→ REQUIREMENT
Which lines come from the start of the listing through the line holding "2020 Nissan LEAF"? Restate exactly those, both included, minus the pictures.

→ EXTRACTED DATA

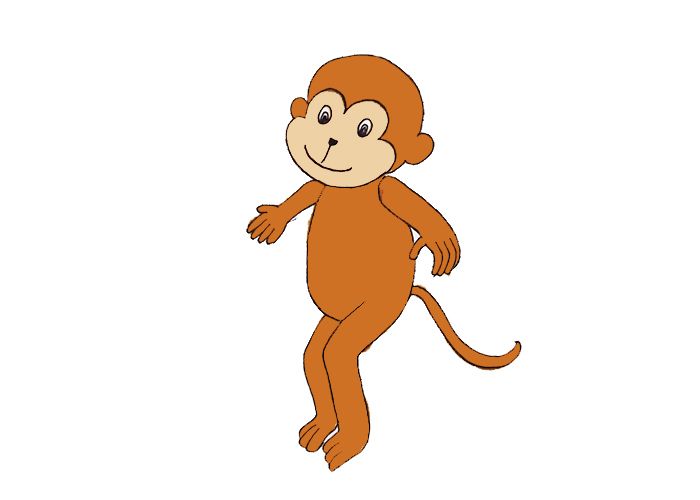 快速学会可爱猴子简笔画画法，猴子简笔画图片大全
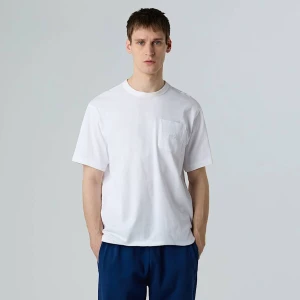 The North Face Męski Luźny T-shirt Z Kieszenią Dome Tnf White Rozmiar M male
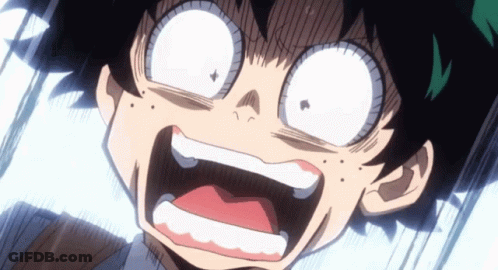 Cartoon Character Surprised Face GIF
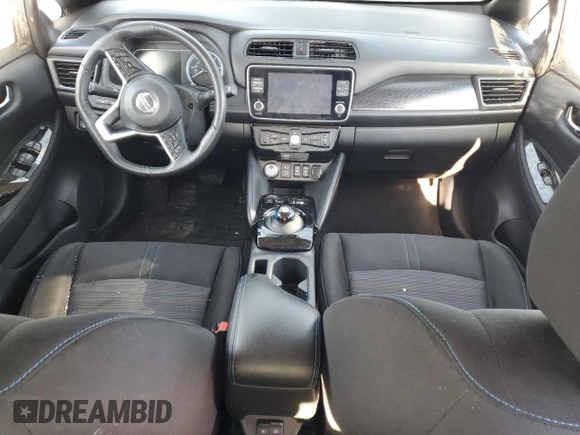 2020 Nissan LEAF SV Plus with VIN 1N4BZ1CP0LC309828, listed as a Copart auction lot 89184875 with Not Provided miles and Salvage Title. Bid and sale history available at DreamBid. Image 8.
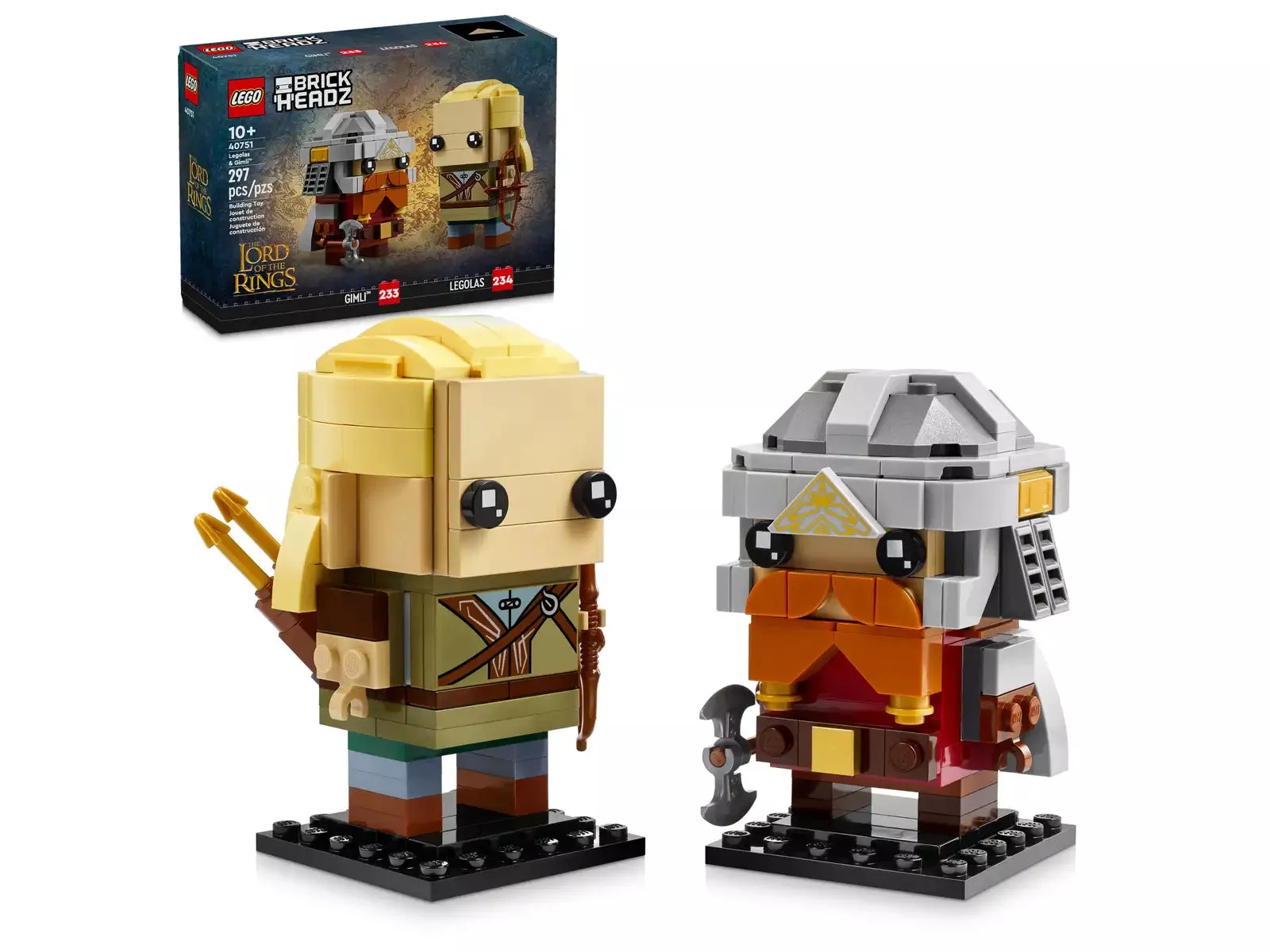 LEGO The Lord of the RingsLegolas & Gimli™ BrickHeadz Set (40751)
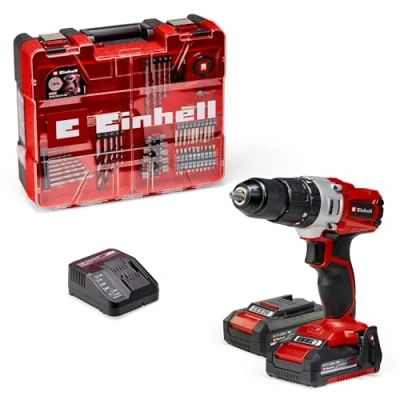 Afbeelding van Einhell Power X Change TE CD 18/2 Li i +64 (2x2,0 Ah) Accu klopboor/schroefmachine 2 snelheden Incl. accus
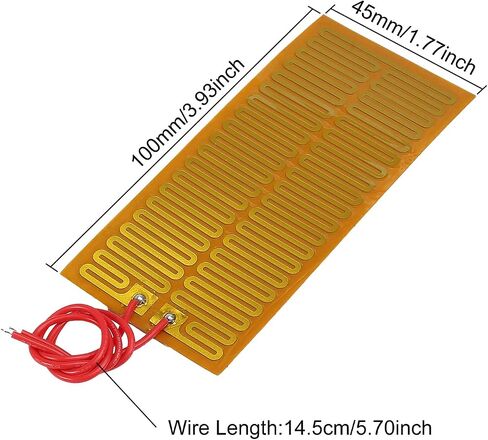 6pcs Film Heater Plate Adhesive Pad 24V 30W 45mmx100mm PI Heating Elements Film Strip Heater Adhesive Polyimide Heater Plate in Saudi Arabia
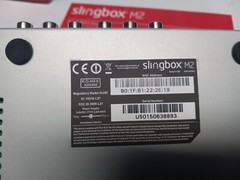 Slingbox M2 Media Streamer – Black – NO POWER CORD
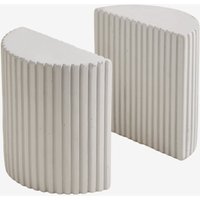 Set mit 2 Buchstützen aus Morbel-Zement - Sklum Set mit 2 Buchstützen aus Morbel-Zement - Sklum von SKLUM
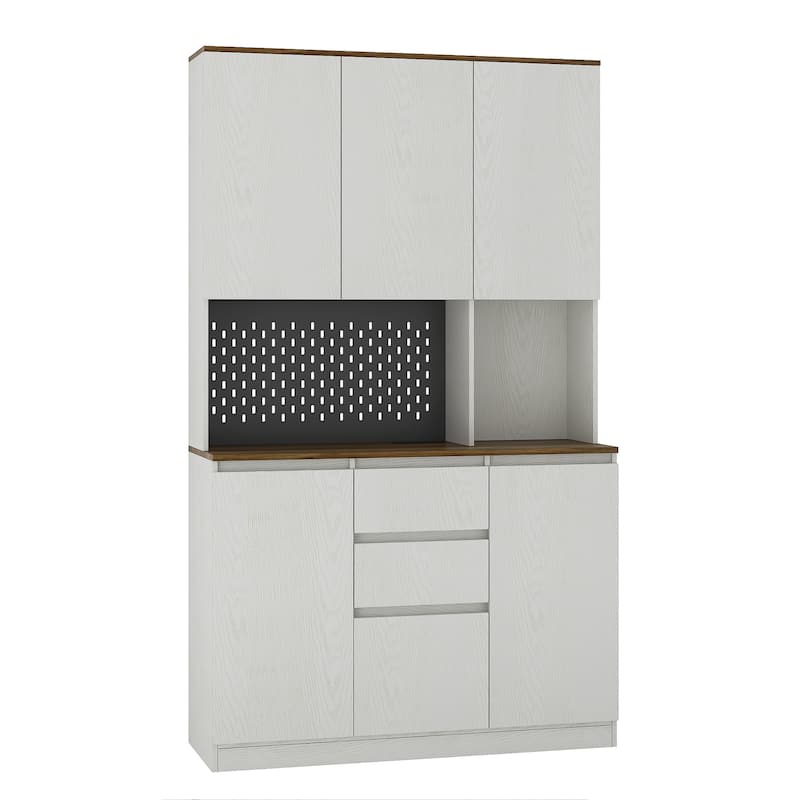 Freestanding Buffet Cupboards Sideboard with Charging Station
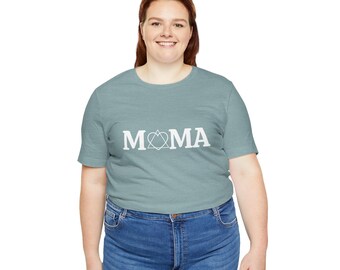 T-shirt adoptiemoeder: adoptiesymbool 'MAMA', uniseks jerseytop, adoptiecadeau
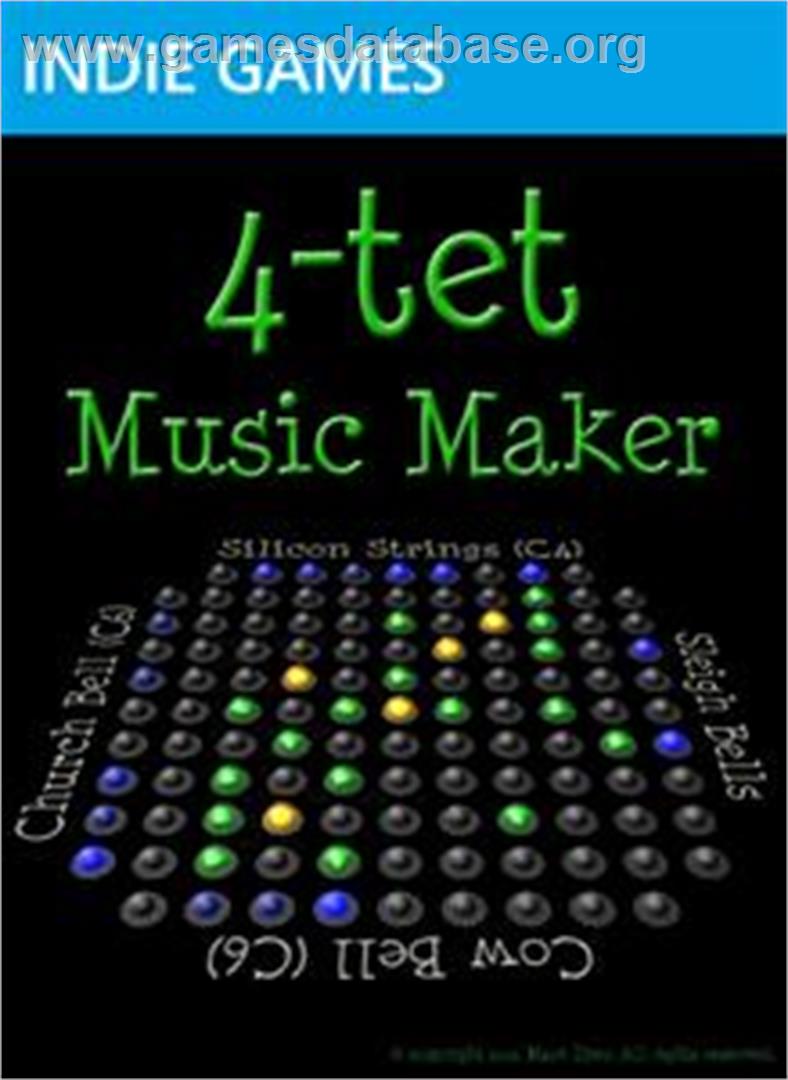 4-tet Music Maker - Microsoft Xbox Live Arcade - Artwork - Box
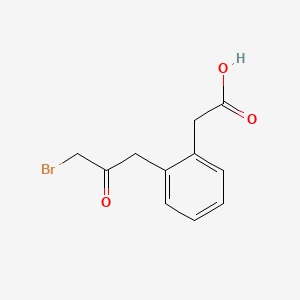 1-Bromo-3-(2-(carboxymethyl)phenyl)propan-2-one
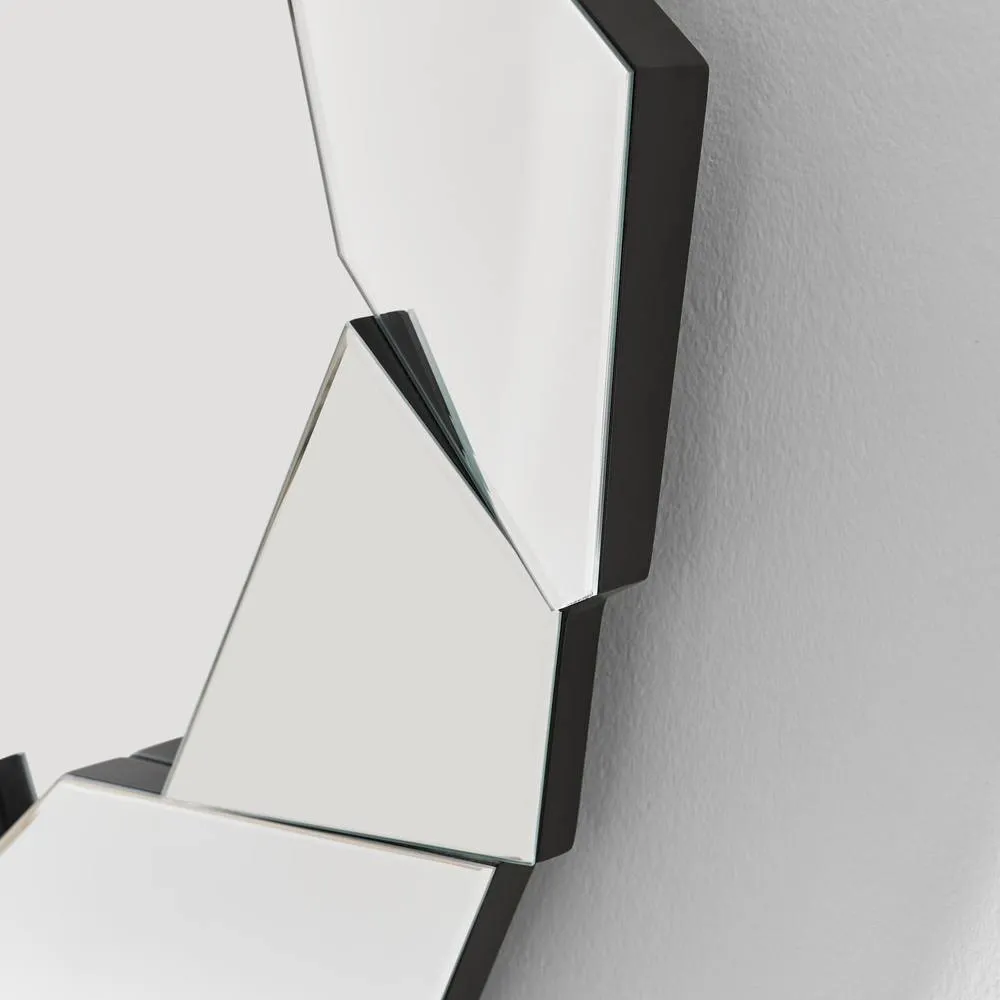 FurnitureboxUK Jewel Medium Abstract Round Wall Mirror in Clear 3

→ FINAL ANSWER
 快速学会可爱猴子简笔画画法，猴子简笔画图片大全
 The North Face Męski Luźny T-shirt Z Kieszenią Dome Tnf White Rozmiar M male
 Cartoon Character Surprised Face GIF
 2020 Nissan LEAF SV Plus with VIN 1N4BZ1CP0LC309828, listed as a Copart auction lot 89184875 with Not Provided miles and Salvage Title. Bid and sale history available at DreamBid. Image 8.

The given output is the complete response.